# Hi Everyone! Newbie from Colorado ;)



## free_sprtd (Oct 18, 2007)

Hey there and welcome! I've visited Fort Collins before and its' really pretty there, i loved it....oh ya and hot! lol Have fun posting and can't wait to see pics!


----------



## RusticWildFire (Jul 6, 2008)

Welcome to the forum! We're glad to have you!


----------



## TXHorseLaw (Nov 20, 2008)

Welcome Aboard! Hope you'll find this forum to be both friendly and helpful!  Cheers from North Texas!


----------



## Jubilee Rose (May 28, 2008)

Hi, welcome to the horse forum!! It's great to have you here!  If you have any questions or concerns don't hesitate to pm me or one of the other mods. 

Cya around!


----------



## Amanda Marie (Dec 2, 2008)

Thanks! 

I loaded quite a few pictures to my photo album on my profile during lunch, but only got half way through before I had to go back to school. But now that I'm off of work I'll finish loading them up soon.  I would love it if you all checked them out!!

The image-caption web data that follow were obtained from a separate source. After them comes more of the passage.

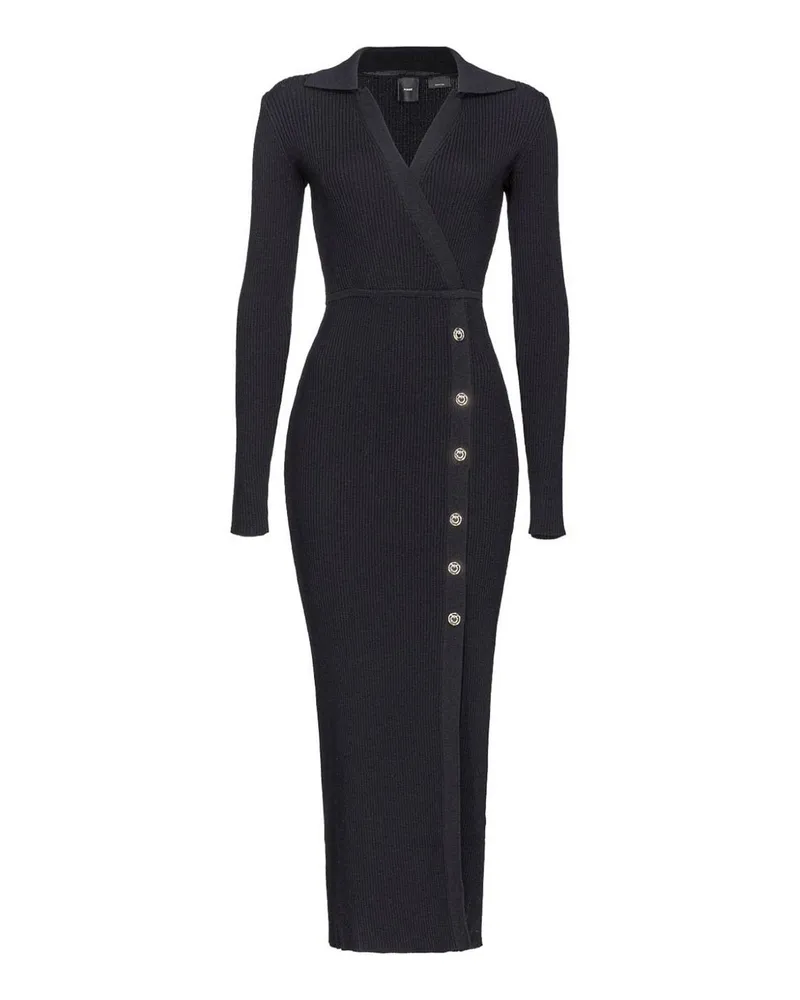 Pinko Kleid - Schwarz Schwarz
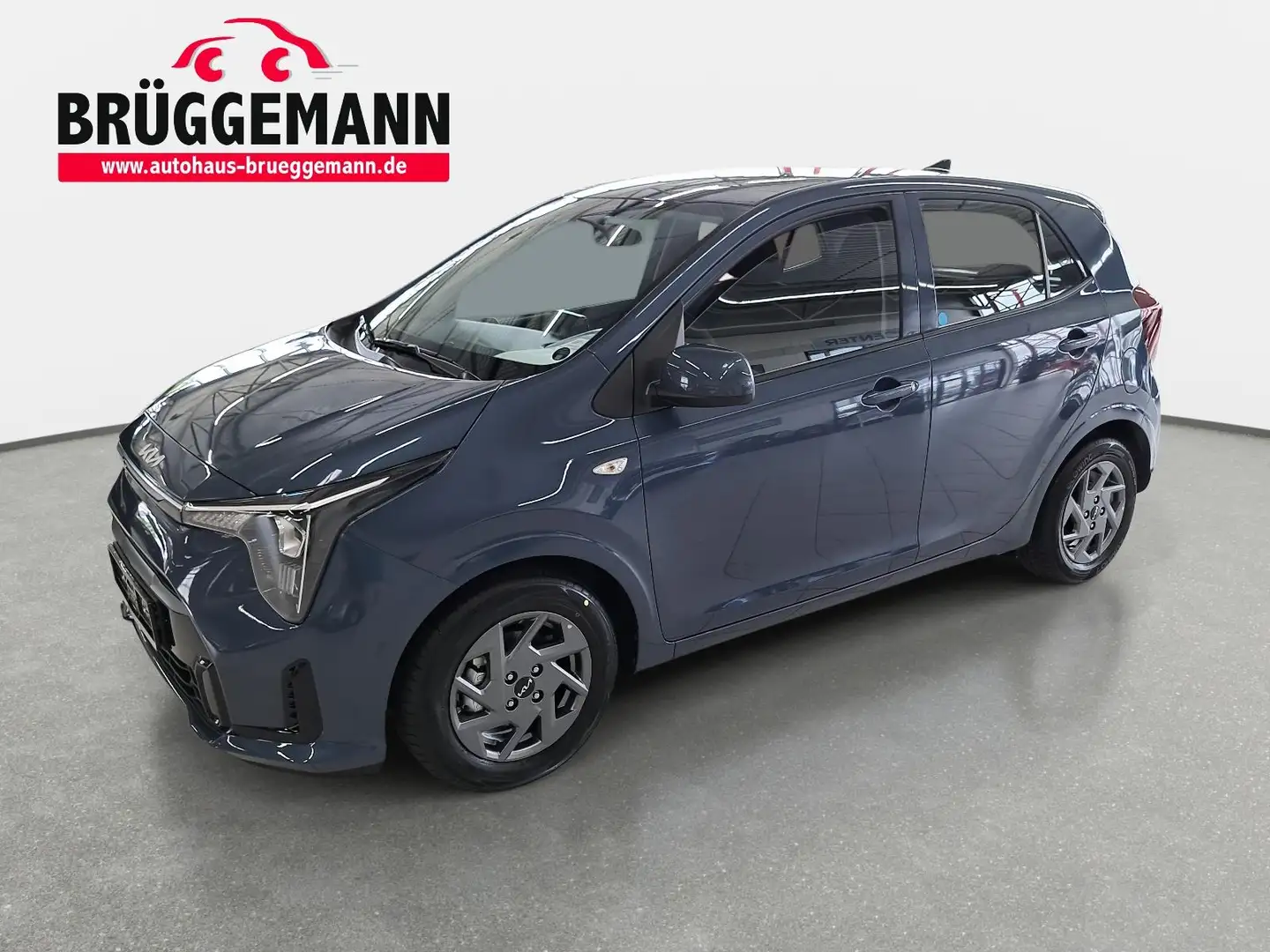 Kia Picanto PICANTO 1.0 AUTO. (AMT) VISION MJ25 SITZH. NAVI KA Bleu - 1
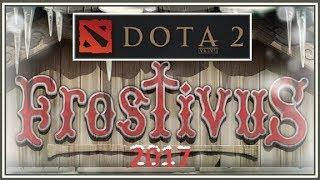 Ивент за 2 минуты - Холодрыжество 2017 Dota 2.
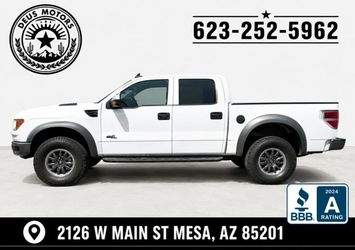 2011 Ford F150 SuperCrew Cab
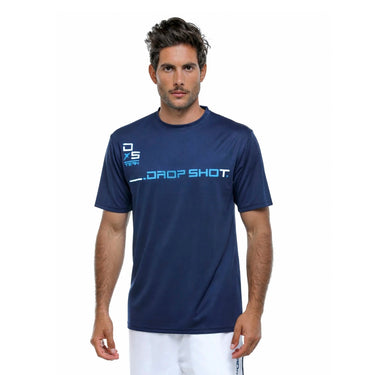 DROP SHOT TEAM 19 MEN BLEU (T-shirt)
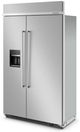 KitchenAid® 48 in. 29.4 Cu. Ft. Stainless Steel Counter Depth Side-by-Side Refrigerator-2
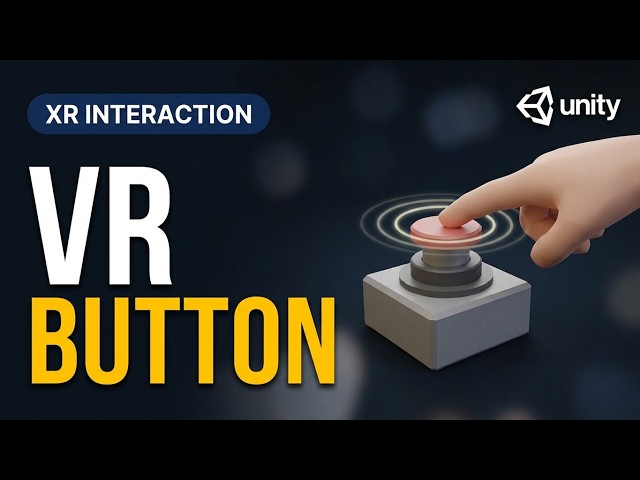 Button Interaction in Unity 3d VR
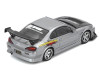 1/64 Inno Nissan Silvia S15 (Silver) Top Secret Diecast Car Model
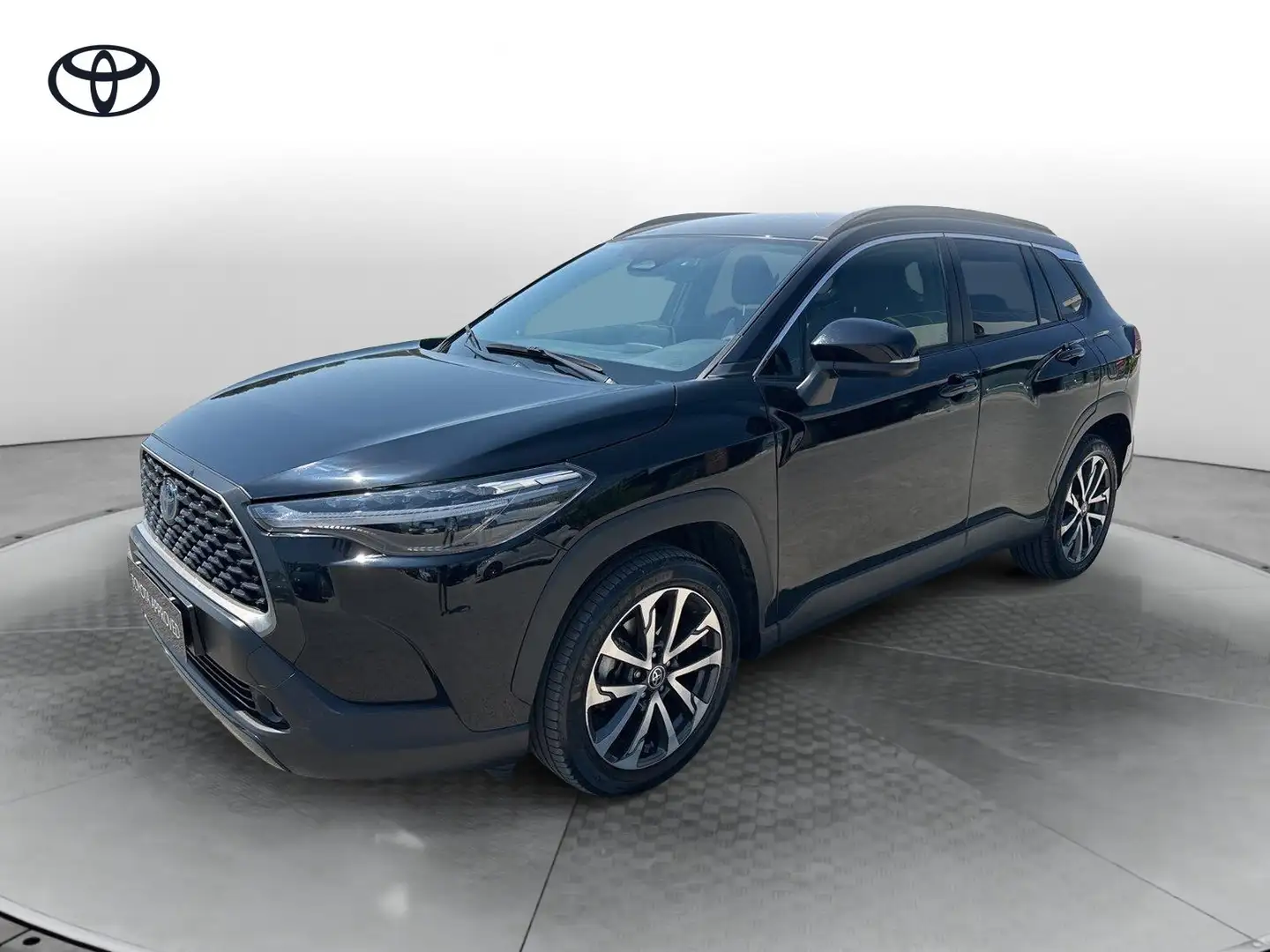 Toyota Corolla Cross Corolla Cross 2.0 Hybrid 197 CV E-CVT Trend Nero - 1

I actually have one question. I noticed that there's a chat room on this forum. What's the rules/requirements for it?

I'm actually way in to fish as well, and have been since about the 5th grade... I'm a member of a few fish forums that have chat rooms as well, where I talk to a tun of people I've talked to since I was 11. I love it, it's alot of fun with alot of great people. That's why I was wondering. 

Thanks!! Can't wait to talk to you all around the forum! 
Amanda


----------



## Painted Ride (Jun 30, 2008)

hey there!!! welcome...oh man do i miss the sweet 4-h days!!! i hope you have a great time!!! have fun posting here!


----------



## Amanda Marie (Dec 2, 2008)

Yea I definately enjoyed them, though since hitting high school I've just been helping my younger cousins with their 4H events, and my friends. I enjoy helping out moreso. Less pressure. lol. I'm more of the trail riding type than the show type. 

Thanks. I really do like the forum so far. I love all the cool features they have!! I've been a part of quite a few forums before, but this one by far blows the rest out of the water in terms of creativity. I love it!


----------



## Kentucky (Aug 2, 2008)

welcome and enjoy the ride. I miss the fun I had in FFA


----------



## Midwest Paint (Oct 21, 2008)

Oooo.. Ft. Collins! I tend to end up there every week or so, theres Waffle Houses there! LOL! Not to mention, I have a mare I am sending to CSU this next year for some work, so that neat to find another member here so close!

Welcome!


----------



## Amanda Marie (Dec 2, 2008)

Lol, how funny! I love Fort Collins though. See, I'm actually from a pretty small town, and wasn't quite sure how I'd handle a bigger school. But we went there for our State Judging in FFA at the end of last school year, and as soon as I went there I fell in love. lol. Though it's a big school, it still has that 'small town' atmosphere. Love it.  I went there again this school year for a yearbook convention, and none of my friends had been there yet. Needless to say, they fell in love too. 

But it's nice to see someone close!

Amanda


----------